Another unique aspect about MMOs is that they are generally available for the public to play via both closed and open Betas in advance of the official release of the game. By starting the monthlies ahead of the game release, we're hoping to offer some compelling stories to game players as they're trying out the game. And, of course, we'd like the collected editions out when the game is actually released.
Nrama: And since these are coming out before the game, is there consideration given to attracting people that might normally not even find the game, but could start reading the comic, and then wind up being curious about the game?

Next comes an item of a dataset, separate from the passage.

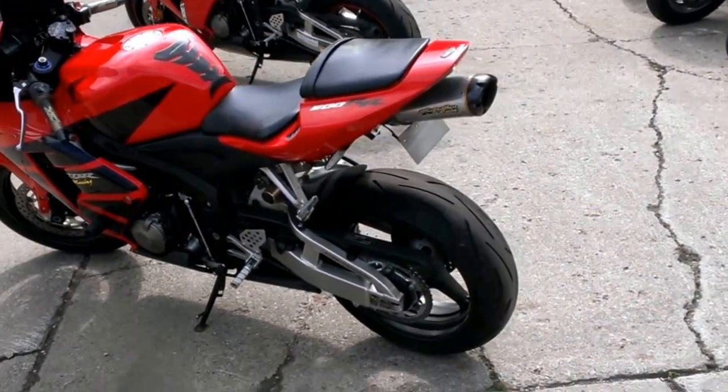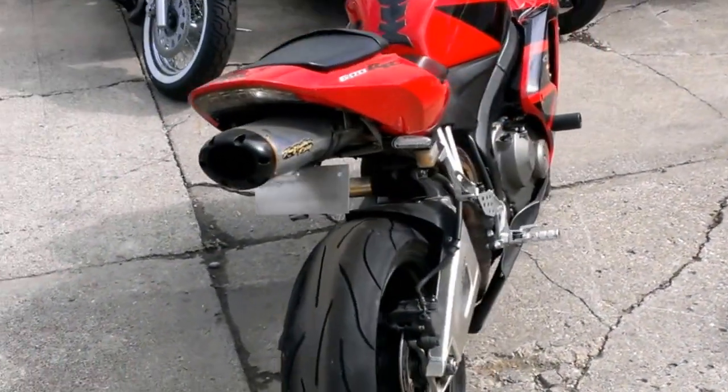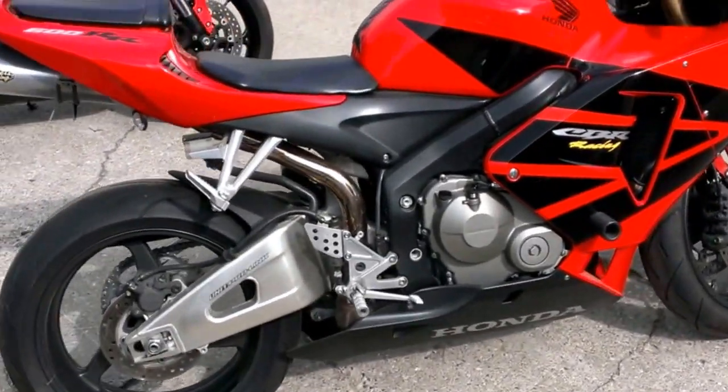Honda Racing Red and Black looks really sharp. The Two Brothers under-tail exhaust makes this RR sound as cool as it looks. Tender eliminator kit, flush mount front turn signals, tinted windscreen and frame sliders.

Rift Page 17Rift Page 18 Sanchez: Oh, absolutely. If you're of a certain age, like I am, you may remember official movie magazines being released ahead of the film release. The idea was to publish a product that showed potential movie goers just how neat the movie was going to be, show them some cool stills, give them some interviews with the creators. A lot of that has been replaced by the web now, but we're replicating it a bit with the comics we're giving away at SDCC. In addition to each Issue 0 having a complete, stand alone 22 page story, we put the equivalent of a mini-magazine at the back to help people understand the game world. And, of course, the mini-series shows off some of the cool environments, weapons, units and characters in the games as well. The stories are by no means marketing pieces, they are intended to be stand alone and be great comics in their own right, but we do hope that if someone engages with the rift torn world of Telara, or sympathizes with the resistance fighters in End of Nations, that they'll give the games a shot.
Nrama: Drifting a bit from the specific subject, but given that you've now got a few comic book projects under your belt, is it something you've really taken to? Do you have plans to work on further comic work — maybe outside of video game books?
Sanchez: I love writing comic books. I wish I would have tried breaking in 10 years ago. Working with the artists, colorists and editors is such a fulfilling experience. I literally get giddy when I see new pages.
I've worked in other media before, but comics are special. You get all the collaborative energy from working in film or video, but none of the headaches, and as a writer, I don't have to worry about budget or technical constraints like I might with animation. I can't comment on any other comics I might or might not be working on, but I will say that I certainly intend to keep writing comics as long as editors will give me the work. I really enjoy the game comics, given my background, but would love to try some other genres as well.